Vaughn Entwistle struck literary pay dirt when he partnered Sherlock Holmes's creator with Oscar Wilde in The Revenant of Thraxton Hall, the first Paranormal Casebooks of Sir Arthur Conan Doyle mystery, in which Doyle is the detective and Wilde is his Watson. The dynamic duo has turned up again, this time in The Dead Assassin, and more good fun awaits.

London, 1895: Detective Blenkinsop requests Doyle's assistance one very foggy evening at the site of a "murder most 'orrible." Wilde accompanies him. They're told that Lord Howell, the prime minister's Secretary of War, has been found dead in his home, the front door completely smashed in, as was his bedroom door.

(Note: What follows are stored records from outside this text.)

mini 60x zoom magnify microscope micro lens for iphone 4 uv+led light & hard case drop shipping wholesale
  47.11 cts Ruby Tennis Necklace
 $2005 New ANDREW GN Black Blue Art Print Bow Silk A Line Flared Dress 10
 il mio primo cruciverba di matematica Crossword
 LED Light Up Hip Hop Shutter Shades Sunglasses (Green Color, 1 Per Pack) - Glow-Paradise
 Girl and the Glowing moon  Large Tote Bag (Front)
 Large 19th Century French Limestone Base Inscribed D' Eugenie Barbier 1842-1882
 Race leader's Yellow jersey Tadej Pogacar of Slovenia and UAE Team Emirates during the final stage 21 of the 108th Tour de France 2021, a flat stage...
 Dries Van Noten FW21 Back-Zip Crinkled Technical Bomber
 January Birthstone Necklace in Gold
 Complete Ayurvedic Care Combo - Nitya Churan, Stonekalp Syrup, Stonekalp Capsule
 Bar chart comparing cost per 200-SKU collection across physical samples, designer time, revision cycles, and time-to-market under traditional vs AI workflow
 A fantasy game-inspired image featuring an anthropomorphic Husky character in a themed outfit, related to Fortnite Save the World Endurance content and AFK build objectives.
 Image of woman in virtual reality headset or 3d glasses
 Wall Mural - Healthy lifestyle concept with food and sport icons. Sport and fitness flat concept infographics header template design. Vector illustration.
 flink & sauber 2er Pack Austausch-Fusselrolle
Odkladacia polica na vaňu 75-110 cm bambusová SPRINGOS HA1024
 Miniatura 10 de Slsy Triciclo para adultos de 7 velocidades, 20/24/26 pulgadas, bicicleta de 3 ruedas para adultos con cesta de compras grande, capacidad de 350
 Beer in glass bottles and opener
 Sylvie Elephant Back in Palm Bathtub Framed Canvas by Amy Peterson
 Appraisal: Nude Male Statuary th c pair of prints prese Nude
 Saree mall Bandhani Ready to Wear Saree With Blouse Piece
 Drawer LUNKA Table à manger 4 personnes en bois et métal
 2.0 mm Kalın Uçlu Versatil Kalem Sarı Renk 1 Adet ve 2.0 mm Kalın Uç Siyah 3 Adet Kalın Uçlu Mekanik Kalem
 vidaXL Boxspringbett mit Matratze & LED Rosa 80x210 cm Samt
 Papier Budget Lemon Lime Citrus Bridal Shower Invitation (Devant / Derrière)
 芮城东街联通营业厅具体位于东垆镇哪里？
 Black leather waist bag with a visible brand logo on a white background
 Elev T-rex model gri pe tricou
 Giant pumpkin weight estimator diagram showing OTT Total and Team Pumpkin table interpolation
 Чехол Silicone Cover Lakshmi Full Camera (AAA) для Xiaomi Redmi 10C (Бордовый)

His body was thrown against the wall with unimaginable force. But he fired off six shots from his revolver before expiring. Doyle, Wilde and Blenkinsop follow a trail of footprints down the street to discover a body in the dense fog outside, riddled with bullets. The detective recognizes him--Charlie Higginbotham, a murderer who was hung for his crime last week.

Entwistle injects the "Fog Committee," whose members included Lord Howell, as a sidelight. The committee is convinced that the recent, unusually dense fogs are "purely a function of the vagaries of the English climate," and any theories about London's excessive burning of coal in some way contributing to it is a "fantastical theory."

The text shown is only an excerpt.